L’assenza di dolo e l’assoluta impossibilità di adempiere l’obbligazione tributaria (cfr. Cass. SS.UU. n. 37425/2013), anche attraverso idonee misure da valutarsi in concreto, determinano la cosiddetta forza maggiore: impossibilità di reperire le risorse necessarie a consentirgli l’adempimento delle obbligazioni tributarie, pur avendo posto in essere tutto il possibile.

Per la Corte, “costituisce costante indirizzo di legittimità quello per cui l’imputato può invocare la assoluta impossibilità di adempiere il debito di imposta, quale causa di esclusione della responsabilità penale, a condizione che provveda ad assolvere gli oneri di allegazione concernenti sia il profilo della non imputabilità a lui medesimo della crisi economica che ha investito l’azienda, sia l’aspetto della impossibilità di fronteggiare la crisi di liquidità tramite il ricorso a misure idonee da valutarsi in concreto (Sez. 3, n. 20266 dell’8/4/2014, Zanchi, Rv. 259190); occorre, cioè, la prova che non sia stato altrimenti possibile per il contribuente reperire le risorse necessarie a consentirgli il corretto e puntuale adempimento delle obbligazioni tributarie, pur avendo posto in essere tutte le possibili azioni, anche sfavorevoli per il suo patrimonio personale, dirette a consentirgli di recuperare, in presenza di una improvvisa crisi di liquidità, quelle somme necessarie ad assolvere il debito erariale, senza esservi riuscito per cause indipendenti dalla sua volontà e ad egli non imputabili (Sez. 3, n. 5467 del 5/12/2013, Mercutello, Rv. 258055)”.

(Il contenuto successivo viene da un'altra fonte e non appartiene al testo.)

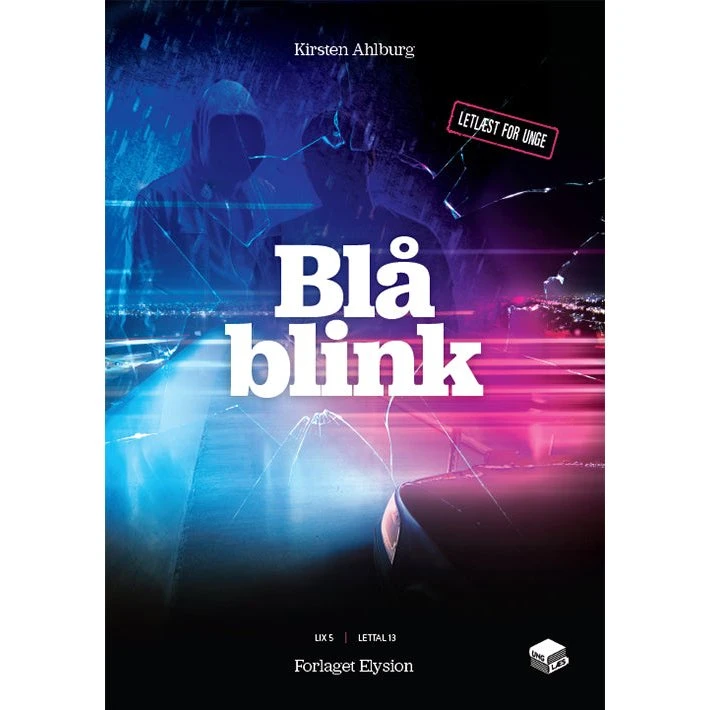 Blå Blink - Kirsten Ahlburg, ung læs 1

La sentenza impugnata ha rilevato che l’imputata era divenuta consigliere di amministrazione nell’aprile 2010, unitamente al marito (presidente ed amministratore delegato) e al braccio destro; nel luglio dello stesso anno, in esito al decesso del coniuge, la stessa era quindi divenuta presidente del consiglio d’amministrazione ed amministratore delegato, e, infine, amministratore unico nel settembre 2011. Di seguito (e ricostruendo la situazione economico-finanziaria della società) la Corte di merito ha richiamato alcuni passaggi della deposizione del commissario giudiziale, il quale aveva evidenziato che, nei precedenti anni 2008-2009, tutti gli utili della società erano stati impiegati per finanziare società controllate (successivamente fallite), “così creando una situazione di dissesto che aveva poi condotto alla proposta di concordato preventivo, presentata il 26/3/2013”. In forza di questi elementi, la Corte di appello ha quindi concluso nel senso che: “1) il dissesto della I. ‘è stato dolosamente creato a partire dagli anni 2008 e 2009’; 2) le somme incassate a titolo di i.v.a. per la vendita di tre immobili nel 2010 ‘sono state utilizzate, a tutto concedere, per cercare inutilmente di far fronte alla situazione debitoria come sopra creata’; 3) la L. ‘era tutt’altro che una sprovveduta estranea ai fatti sociali’ e che, come socia e componente del c.d.a. fin dall’aprile 2010, era ‘onerata di controllare l’operato dello S., amministratore delegato’. Dal che, la declaratoria di responsabilità”.